In his 8 January address, ANC president Cyril Ramaphosa said the party will expand recreational facilities and diversion programmes through this stalled plan.

But health workers and experts fear that the version of the drug plan that will be released will be influenced by morality rather than evidence-based interventions.

“I don’t know when it’s going to be released, but if it does get released it will be a very different version to the one that was presented to the parliamentary review committee a couple of months ago,” says Shelly.

The DA believes that the “lack of security at our borders” leads to significant cross-border crime including drug trafficking syndicates. But Shelly describes the party’s approach as disastrous and xenophobic.

Much like their shared xenophobic utterances about healthcare services, the ANC and DA have a similar strategy for dealing with drug use in schools.

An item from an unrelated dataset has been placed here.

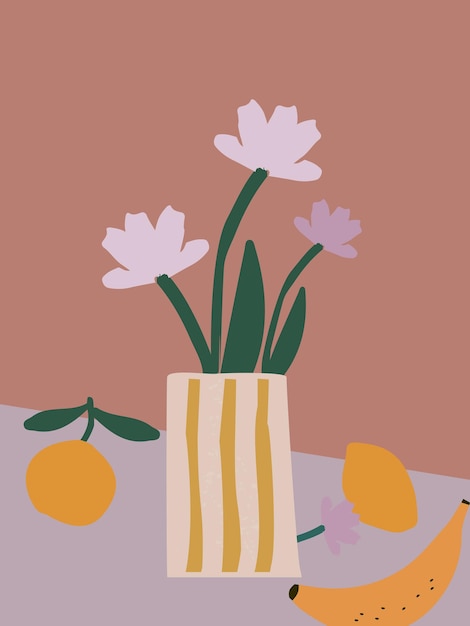 Bloemen in een vaas eenvoudige en schattige tekening vectorillustratie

The DA wants learners to be randomly searched for weapons, alcohol and drugs at school, while ANC Gauteng PEC member and Education MEC Panyaza Lesufi suggests that learners as young as 13 years old — from Grade 7 and higher — should be tested for drugs in schools.

Shelly says this is dangerous and could potentially traumatise children who use drugs further. “I usually tell learners that they have a right to bodily integrity and if anybody wants to challenge that they can go to Constitutional Court.”

Many people are talking about reforming the country’s drug policy behind the scenes, but in public, nobody is talking about it, he says.

“If anybody’s going to get [South Africa’s drug policy] right is the ANC, but we’re not getting that from the manifestos at all, and we’re certainly not getting it from any of the manifestos at this stage. [But] they’re all pretty weak on drugs and apart from using the whole drugs situation as a politically expedient distraction from the real issues that are happening on the ground.”

An edited version of this story was also published in the Daily Maverick.